Exercise description: Please write out the listing exactly, leaving each picture out.

Provided data:
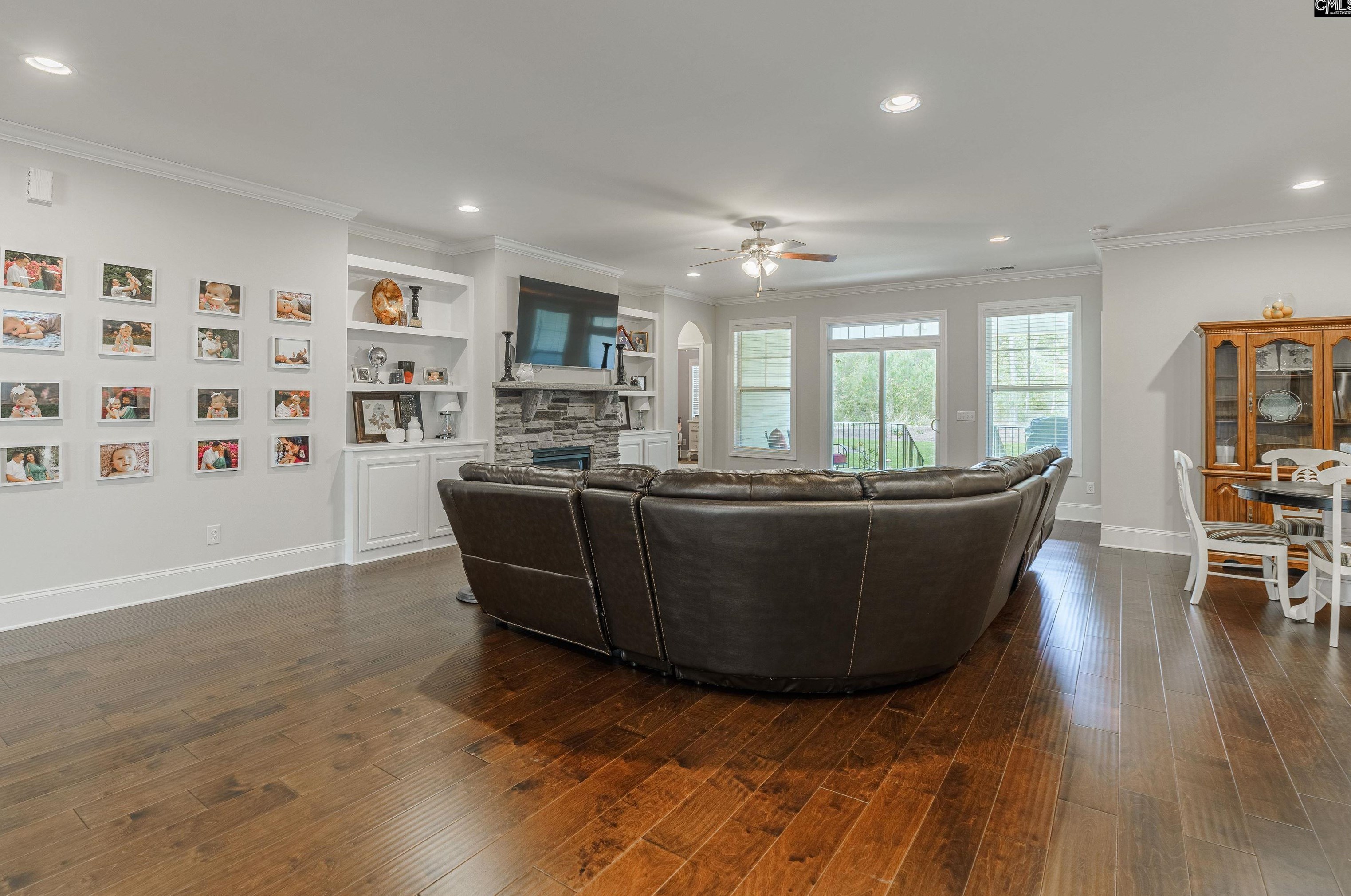 87 Sixty Oaks Ln, Elgin SC  29045-9315 exterior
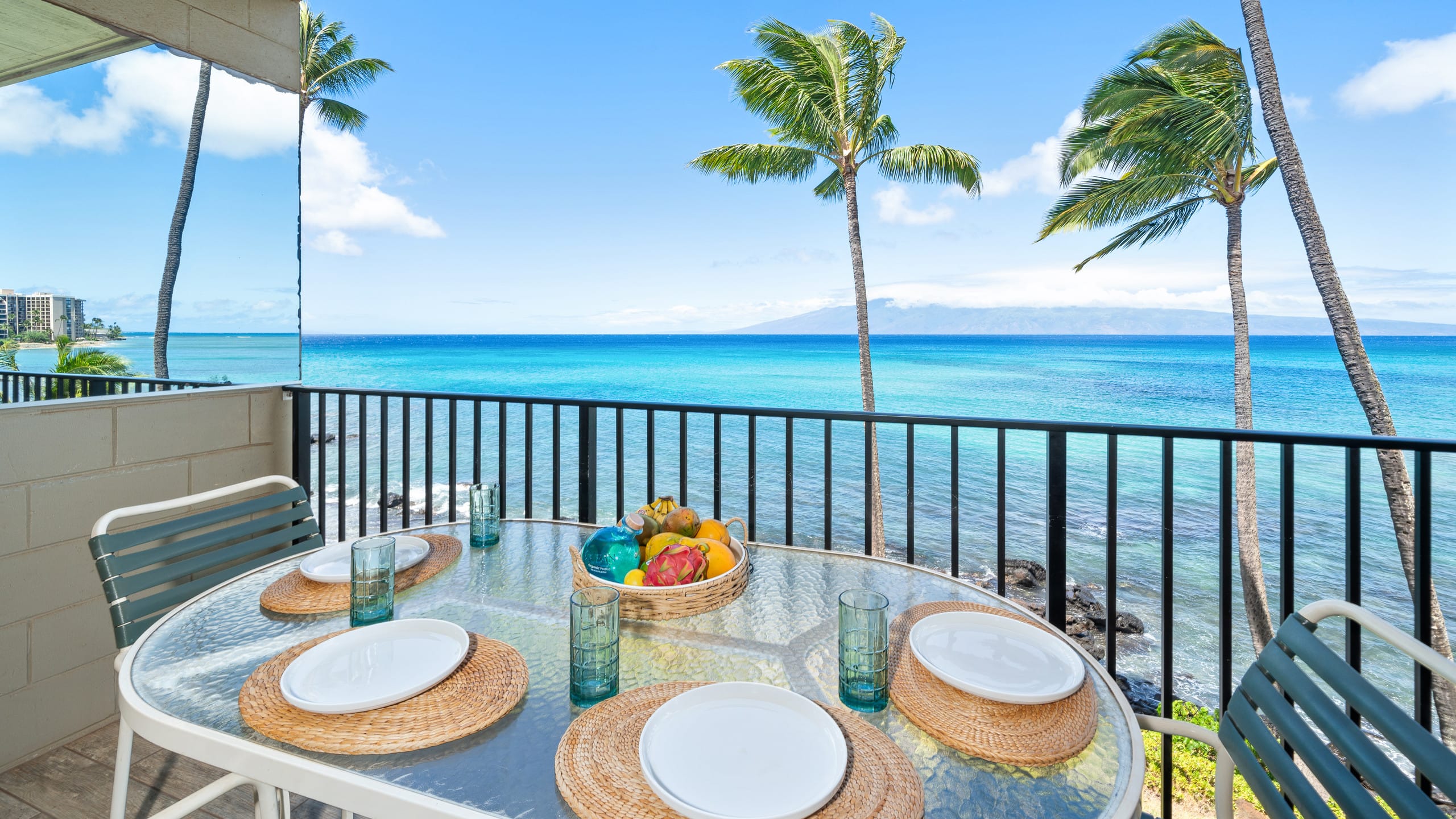 Your Family's Perfect Island Retreat w/ Full AC - Image 1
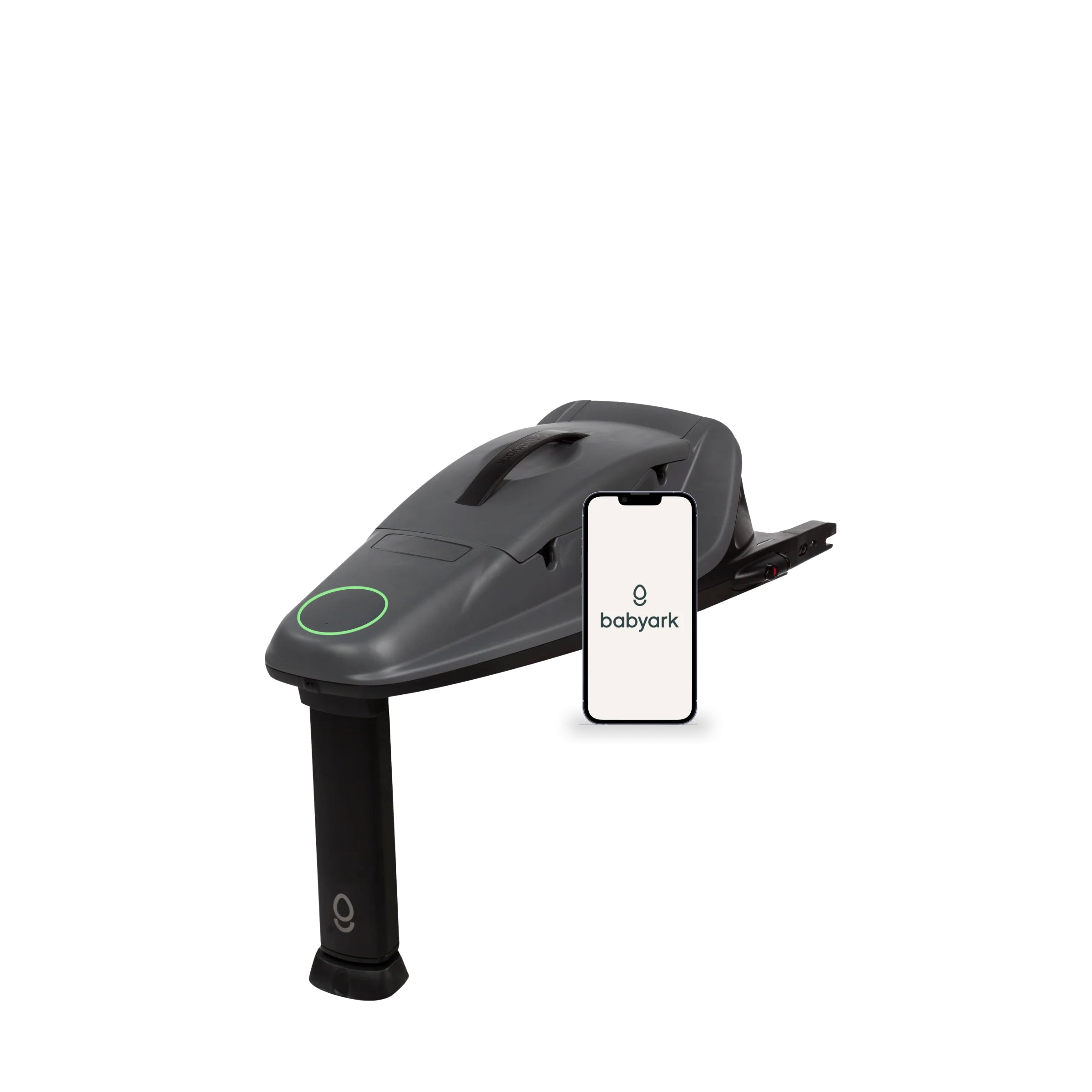 Babyark G01 Smart Base- Bambi Baby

Written response:
 87 Sixty Oaks Ln, Elgin SC  29045-9315 exterior
 Your Family's Perfect Island Retreat w/ Full AC - Image 1
 Babyark G01 Smart Base- Bambi Baby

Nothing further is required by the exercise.